C’est un peu le lot de toute personne qui a écouté des musiques hors formats (free jazz, noise, musique contemporaine…) ou peut être même n’importe quelle musique, que de se retrouver tout seul des années plus tard et de se retourner en se demandant comment il en était arrivé là (l’electroclash ça sonne comment en 2019 ?). Et tout ceux qui dans les années 90 ont fait le voyage de la techno jusqu’à mego (et peut-être plus loin) se sont forcement posé la question (et ont fait un gros tri dans leur discothèque). C’est dommage de terminer sur Boards of Canada qui est quand même la version la plus soft possible de l’IDM de part les sonorités et le format (sans que ça soit une critique de ma part), alors que le questionnement sur le problème de la virtuosité technique et technologique inhérent au genre était plus intéressante et qu’elle circule depuis les débuts du synthétiseur dans la musique populaire. Et la tarte à la crème d’assimiler public chiant / musique chiante (vive le cool…), on pouvait s’en passer.

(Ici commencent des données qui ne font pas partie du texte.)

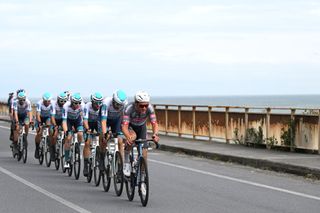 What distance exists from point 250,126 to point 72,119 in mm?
7751

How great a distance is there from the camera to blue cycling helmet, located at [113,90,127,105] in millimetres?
13672

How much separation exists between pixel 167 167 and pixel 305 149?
165 inches

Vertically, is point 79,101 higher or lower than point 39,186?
higher

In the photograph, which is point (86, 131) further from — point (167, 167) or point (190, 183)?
point (167, 167)

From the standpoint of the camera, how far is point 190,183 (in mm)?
15258

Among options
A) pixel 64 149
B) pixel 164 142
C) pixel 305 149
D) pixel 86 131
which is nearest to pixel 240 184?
pixel 86 131

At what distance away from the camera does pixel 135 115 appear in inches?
514

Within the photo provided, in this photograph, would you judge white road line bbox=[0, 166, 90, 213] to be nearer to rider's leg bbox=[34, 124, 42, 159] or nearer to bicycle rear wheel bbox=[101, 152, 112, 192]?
bicycle rear wheel bbox=[101, 152, 112, 192]

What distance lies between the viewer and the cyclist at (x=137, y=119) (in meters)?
12.3

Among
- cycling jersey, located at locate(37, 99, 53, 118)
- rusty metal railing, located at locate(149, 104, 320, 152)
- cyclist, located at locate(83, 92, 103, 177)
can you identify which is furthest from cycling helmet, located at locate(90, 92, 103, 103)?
rusty metal railing, located at locate(149, 104, 320, 152)

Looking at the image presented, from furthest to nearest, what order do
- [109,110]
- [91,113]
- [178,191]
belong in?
[91,113], [109,110], [178,191]

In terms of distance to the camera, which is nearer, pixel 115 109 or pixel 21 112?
pixel 115 109

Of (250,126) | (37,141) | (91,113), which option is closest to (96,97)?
(91,113)

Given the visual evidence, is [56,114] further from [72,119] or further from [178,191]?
[178,191] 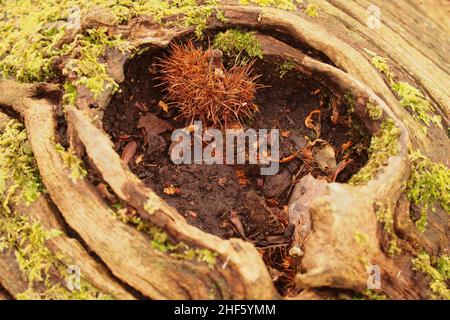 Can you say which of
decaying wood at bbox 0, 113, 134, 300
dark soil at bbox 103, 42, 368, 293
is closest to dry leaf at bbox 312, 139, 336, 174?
dark soil at bbox 103, 42, 368, 293

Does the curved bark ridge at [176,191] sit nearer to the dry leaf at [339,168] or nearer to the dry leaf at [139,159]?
the dry leaf at [339,168]

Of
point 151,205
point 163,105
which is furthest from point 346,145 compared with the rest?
point 151,205

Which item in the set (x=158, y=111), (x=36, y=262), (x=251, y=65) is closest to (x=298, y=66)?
(x=251, y=65)

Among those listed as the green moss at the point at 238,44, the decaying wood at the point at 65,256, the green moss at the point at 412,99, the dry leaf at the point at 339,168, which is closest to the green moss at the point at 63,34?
the green moss at the point at 238,44

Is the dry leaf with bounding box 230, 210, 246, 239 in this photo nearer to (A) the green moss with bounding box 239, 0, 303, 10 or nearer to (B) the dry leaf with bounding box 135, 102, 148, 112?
(B) the dry leaf with bounding box 135, 102, 148, 112

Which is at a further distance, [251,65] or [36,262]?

je serais curieux de savoir sur quel genre vous avez jeté votre dévolu, futur révolu (?) en 2019.
Je ne défendrais pas l’IDM, je suis d’accord qu’une impasse existe … mais je trouve cet article tellement moche, agressif et vulgaire, il dissimule mal son inconsistance sous une couche de pseudo-radicalité putassière, on dirait la logorrhée d’un critique de comptoir qui bave pour dissiper leur propre médiocrité.
Thomas (Ester) Brinkmann, le « grand » oublié ?
Dommage d’entacher une opinion intéressante par tant de suffisance.
Donc, si j’ai bien compris, tu avoues avoir des goûts de chiottes en electro et t’être fait du mal pendant des années en écoutant des bons trucs.
Hmmm… Je t’aimes toujours Virgile. Mais ce concert d’Autechre en 1998, c’était sans Powerbook, un de leur dernier concert full analo, avec des boîtes à rythmes des synthés, des séquenceurs, etc.
Le projet de futurisme de l’IDM s’est n peu terminé avec Gantz Graff et Brownout, comment aller pus loin? Ça à permis à la dance music de reprendre le chemin de la pertinence.